Qual sistema? O ancorado no poder econômico que coopta o poder político e todos os demais possíveis. O controle jurídico do poder político-econômico de alto escalão costuma não acontecer em países como o Brasil. Collor de Mello, reeleito duas vezes depois do impeachment (veja a que ponto chega a alienação ou a consciência ingênua do brasileiro!), foi exceção. Somente caiu porque desagradou tanto o poder econômico que o apoiou quanto o restante poder político tradicionalmente cooptado pelo primeiro.
A dificuldade de se chegar nos verdadeiros “poderosos” reside na férrea estrutura de poder político-econômico, que conta com mecanismos sólidos de blindagem. Alguns são operacionais, outros são sistemáticos. Os operacionais (ou corporativos) são formados por estamentos regiamente pagos para preservarem (nos atos ilícitos) os grandes donos do poder. Dentre outros, destacam-se os executivos bem remunerados nos casos das empresas, particularmente das empreiteiras; os diretores no caso da Petrobras; as estruturas partidárias nos casos da presidência da República etc.

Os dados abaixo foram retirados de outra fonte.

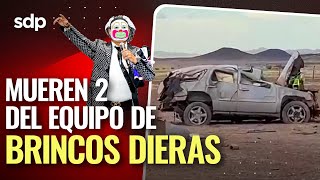 ACCIDENTE 🚗 del equipo del payaso BRINCOS DIERAS 🤡 MUEREN 2 integrantes de seguridad 😞 [upl. by Assenej]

Os sistemáticos são culturais e ideológicos. Regra fundamental dessa proteção é o silêncio (a omertà) que, quanto rompido, gera estragos imensos no sistema (Roberto Jefferson no mensalão, Paulo Roberto Costa e Youssef no petrolão, empresas delatoras no caso do metrô de SP etc.). No mensalão do PT os Ícaros (Jefferson, procurador-geral da República, Joaquim Barbosa e demais ministros do STF etc.) voaram alto, mas não chegaram na Presidência da República (mesmo se valendo, às vezes abusivamente, da teoria do domínio do fato). Nos países mais civilizados, os organismos de controle funcionam mais eficazmente. Nesse rumo temos que caminhar.